Going for a sweet ride Featured

9:54am EDT July 22, 2002

Peter J.C. Young gave up a promising position directing the international business affairs of a global glass manufacturer to make candy for a living.

With a master’s degree from the London School of Economics and a law degree from the University of Michigan, Young took his career in an entirely different direction when he married into the family that owns Harry London Candies Inc., and became its third-generation leader in 1994.

Then he took the company in entirely new directions.

Under Young’s leadership the past several years, Harry London has enjoyed compounded annual growth of about 25 percent, says Young, although he won’t disclose actual revenue figures. After moving into a new 90,000-square-foot manufacturing facility in 1995, Harry London quickly outgrew the space. An addition to the plant, expected to open in July, will more than double the original floor space.

“This will be the first year that we won’t be quite as capacity constrained,” says Young.
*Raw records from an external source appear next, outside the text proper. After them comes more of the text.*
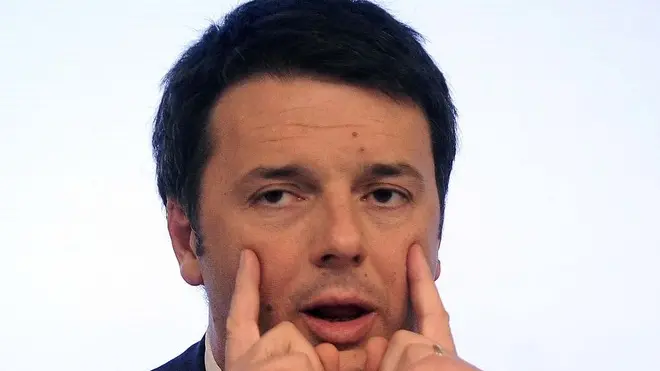 Foto Fabio Cimaglia / LaPresse.18-04-2014 Roma.Politica.Conferenza stampa al termine del Consiglio dei Ministri n°14.Nella foto Matteo Renzi..Photo Fabio Cimaglia / LaPresse.18-04-2014 Rome (Italy).Press conference after the Council of Ministers No. 14.In the photo Matteo Renzi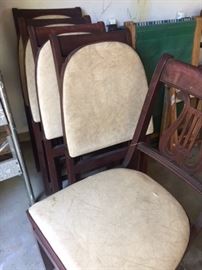 Duncan Fife mahogany folding chairs (set of 5)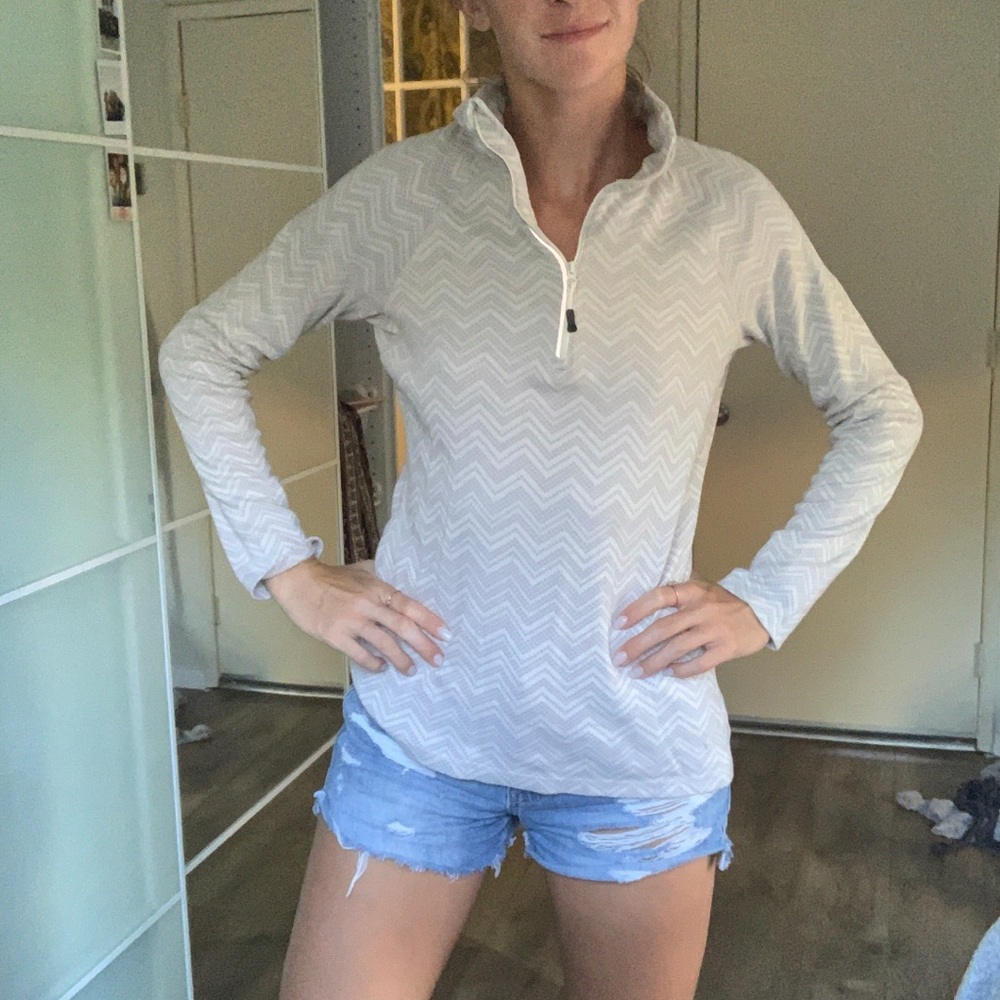Eddie Bauer Quarter Zip Sweater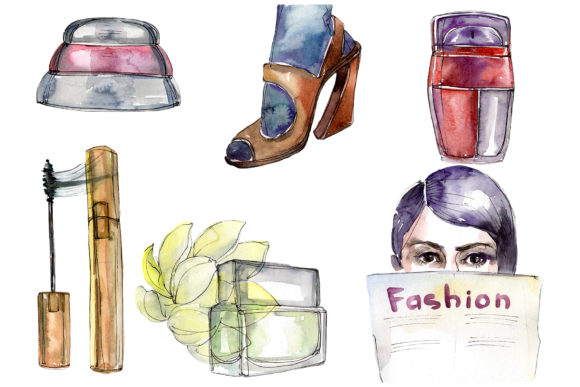 Fashion and Style Watercolor: A Polished Illustration for Modern Content Creators
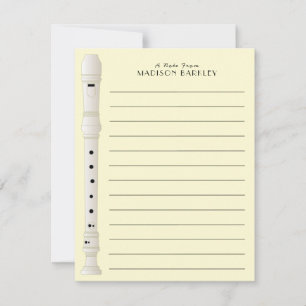 Musiklehrer-Musikkapelle Dankeskarte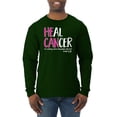 thumbnail image 1 of Faith Jesus Believe Awareness Mens Long Sleeve Shirt, Forest Green, X-Large, 1 of 3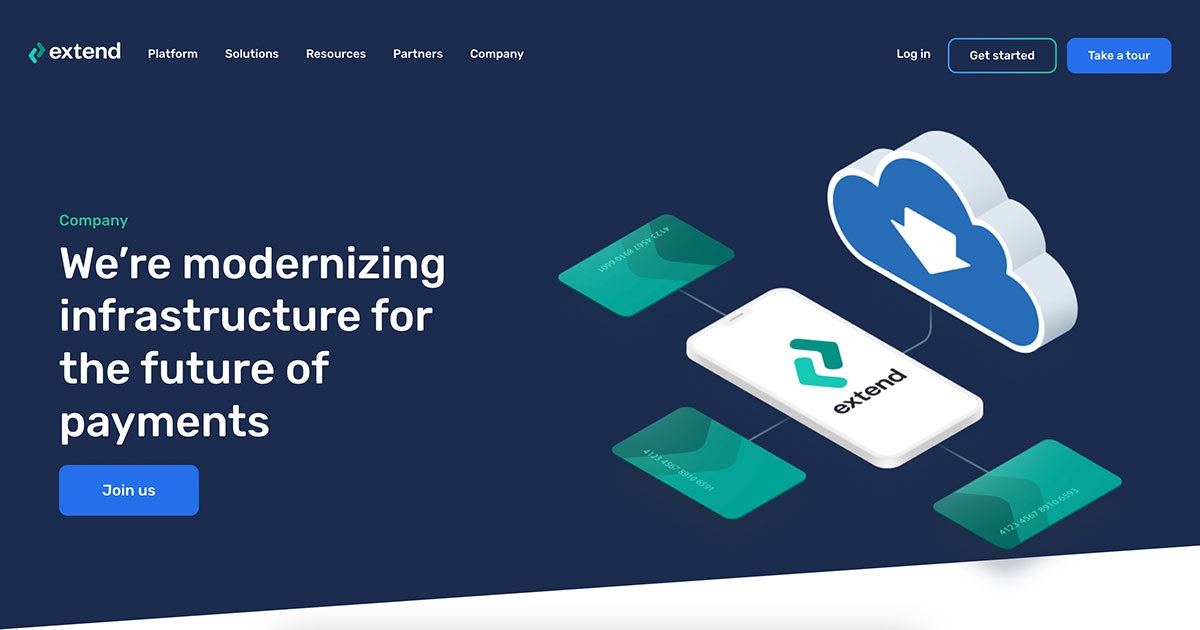 Extend website.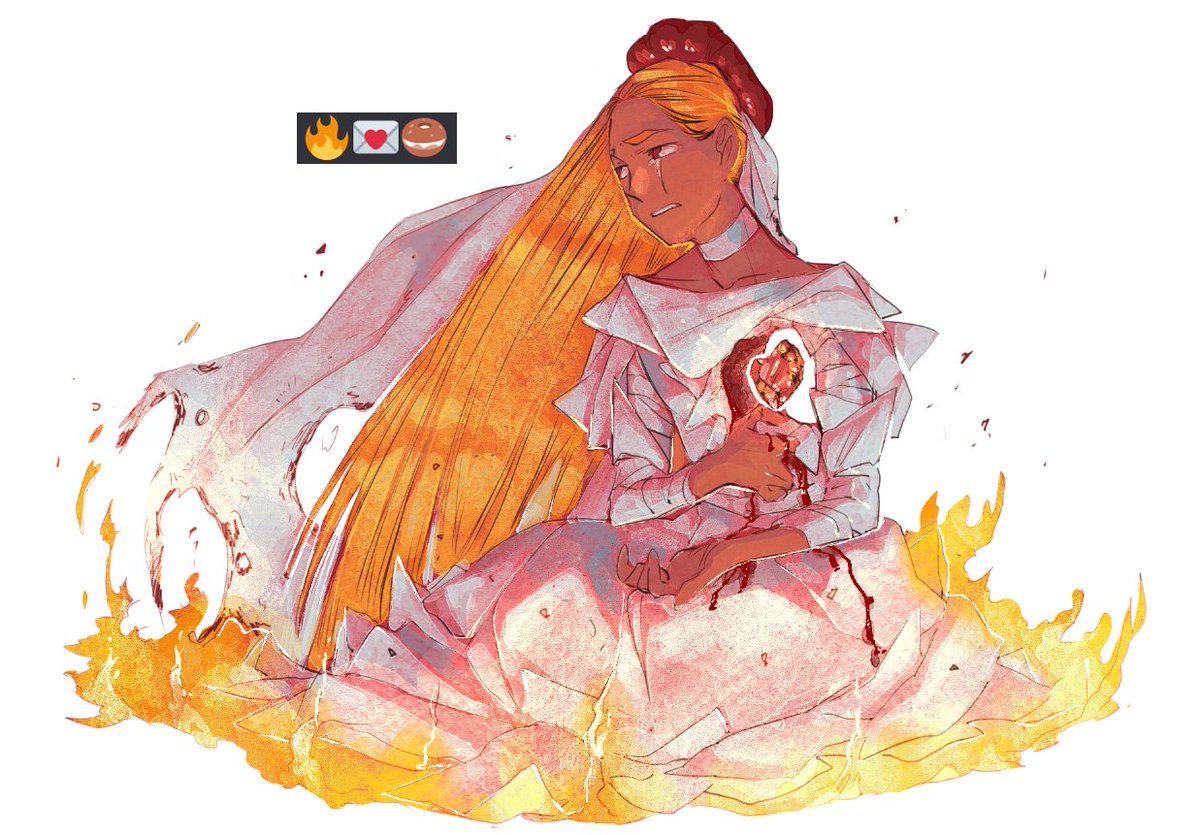 3 emojis challenge : Burning sorrow 🔥

#characterdesign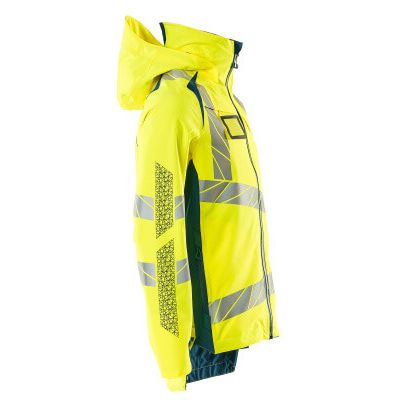 Foto van Mascot Accelerate Safe Shell jas | 19001-449 | 1744-hi-vis geel/donkerpetrol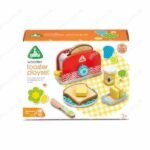 wooden toster in box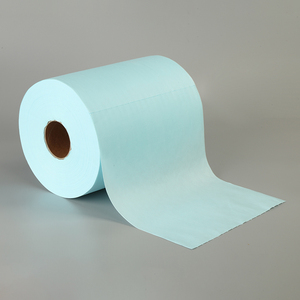 V70 Enhanced Industrial Wiper Lint Free Eco-Friendly Automotive Car Cleaning Cloth <strong>Roll</strong> White/<strong>Blue</strong>/Light <strong>Blue</strong> Plain/Embossed - Product Image 2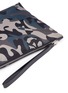  - ALEXANDER MCQUEEN - Camouflage and skull print medium nylon pouch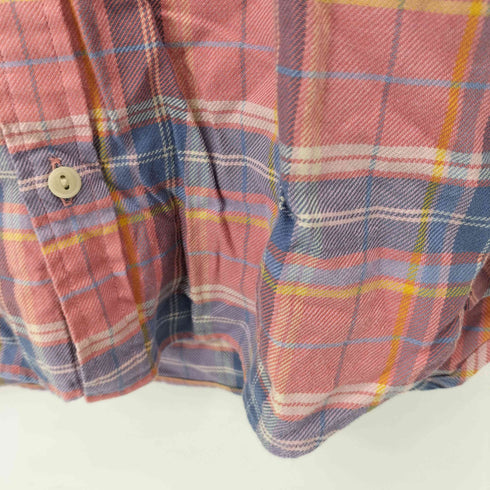 ブルックスブラザーズ BROOKS BROTHERS ガチャポケ チェック柄ボタンシャツ メンズ import:XS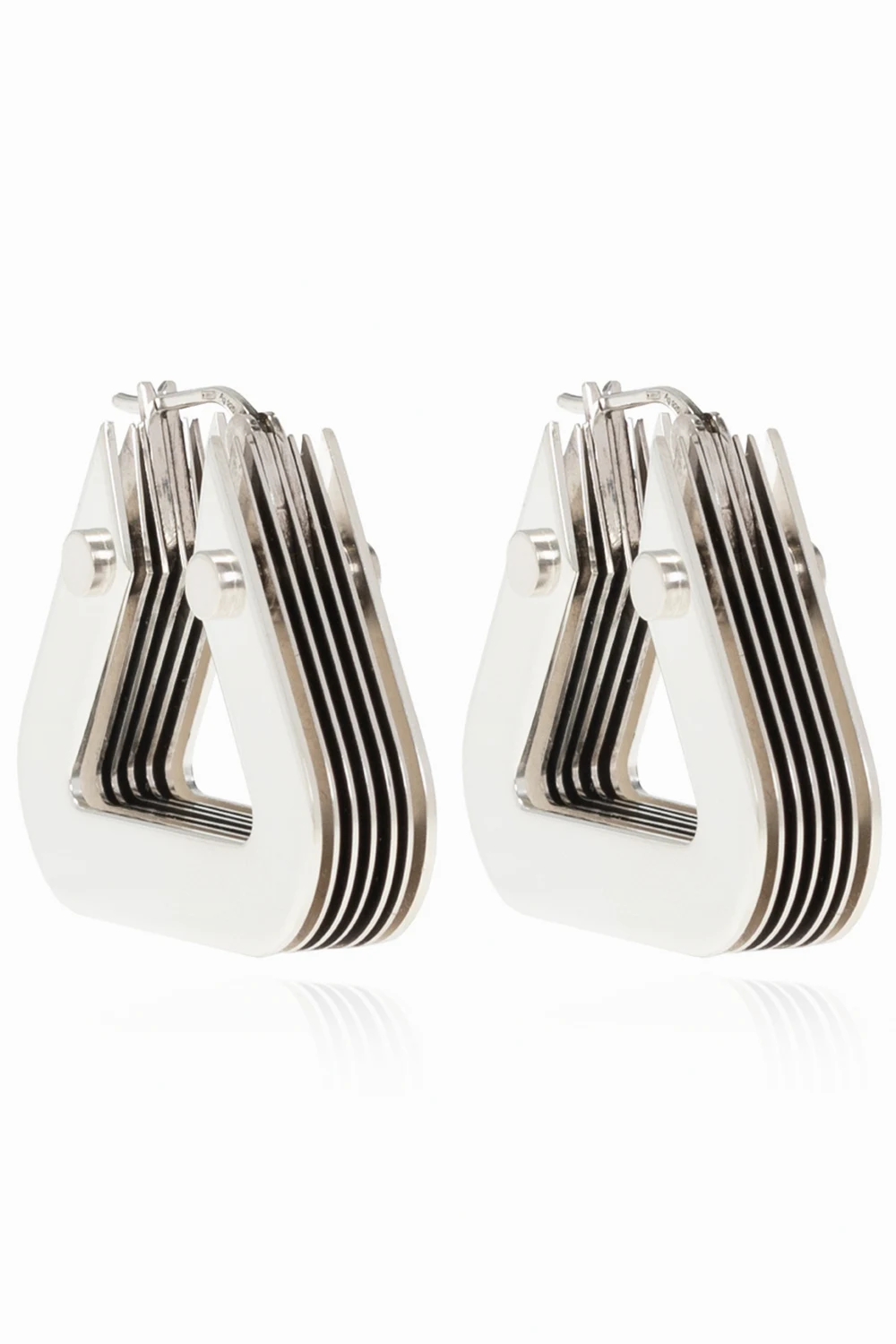 Silver earrings
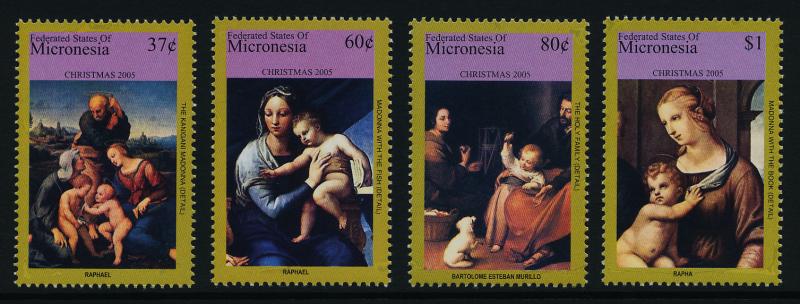 Micronesia 668-72 MNH Christmas, Art, Paintings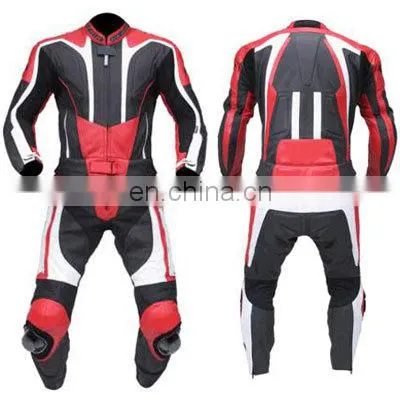 Leather Motorbike Racing Suit,Leather Motorcycle Suit,Racer Leather Suit photo-6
Indeed, capacity has been the company’s only obstacle to growth over the past several years. With the expanded capability, Young expects Harry London revenues for the current fiscal year, which runs through April 2000, to jump about 70 percent.

Young credits a number of factors with the company’s enviable growth record:

  • Broad product line — Aside from the industry’s “big three” producers — Hershey, Nestle and Mars — most other chocolate makers have limited product lines focused on narrow product categories, says Young. Harry London makes some 2,000 different products in several categories and does so with an unusual measure of efficiency for the industry.

  • Broad distribution channels — The company’s six specialty retail stores in Ohio sell only a fraction of Harry London’s output, Young says. A well-developed wholesale business ships candy all over the world, which also is unusual in the chocolate business, where smaller producers tend to be more regional, he says.

  • Balanced customer base — In an industry that often struggles with seasonal variations, Harry London has evened out the speed bumps with a booming contract business that accounts for about one-third of all production. Disney, for example, contracts with Harry London to produce Disney-brand specialty chocolates for sale at resorts, retail stores and by catalog. In addition, the elimination of seasonal fluctuations enables the company to employ a more stable, professional work force instead of relying on temporary help around the holidays.

  • Solid management team — Harry London has lured top executives away from Disney and Riser Foods to form the core management team that has fueled much of the growth, says Young. “Our success has been a companywide effort, and I don’t mean for that to sound cliche,” he said. “I could never have achieved this kind of growth alone.”